In the data below, one line contains "гпСОд = ї п О + С021" and a later one contains "нагрівання або не". Print both, with every line between them, exactly and alone.
*** Opening of RECORDS TO USE ***
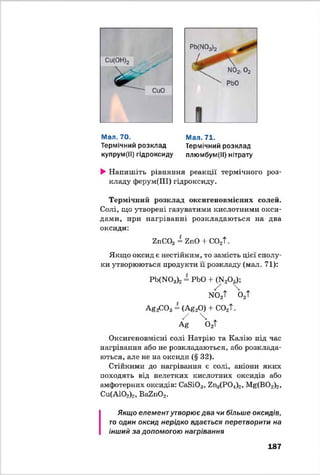 Мал. 70.
Термічний розклад
купрум(ІІ) гідроксиду
Мал. 71.
Термічний розклад
плюмбум(ІІ) нітрату
►Напишіть рівняння реакції термічного роз­
кладу ферум(ПІ) гідроксиду.
Термічний розклад оксигеновмісннх солей.
Солі, що утворені газуватими кислотними окси­
дами, при нагріванні розкладаються на два
оксиди:
гпСОд = ї п О + С021
Якщо оксид є нестійким, то замість цієї сполу­
ки утворюються продукти її розкладу (мал. 71):
РЦГТО3)2= РЬО + ^ 20 ^ ;
ио2Т о2Т
AgfiO a= (А#20) + со2Т.
/  Ж
АЄ 0 2Т
Оксигеновмісні солі Натрію та Калію під час
нагрівання або не розкладаються, або розклада­
ються, але не на оксиди (§ 32).
Стійкими до нагрівання є солі, аніони яких
походять від нелетких кислотних оксидів або
амфотерних оксидів: СаВЮ3, 7п3(Р04)2, ]^ (В 0 2)2,
Си(А102)2, Вн2и02.
Якщо елементутворює два чи більше оксидів,
то один оксид нерідко вдається перетворити на
інший за допомогою нагрівання
187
*** Close of RECORDS TO USE ***
RESULT FOR THIS EXERCISE ▸
гпСОд = ї п О + С021
Якщо оксид є нестійким, то замість цієї сполу­
ки утворюються продукти її розкладу (мал. 71):
РЦГТО3)2= РЬО + ^ 20 ^ ;
ио2Т о2Т
AgfiO a= (А#20) + со2Т.
/  Ж
АЄ 0 2Т
Оксигеновмісні солі Натрію та Калію під час
нагрівання або не розкладаються, або розклада­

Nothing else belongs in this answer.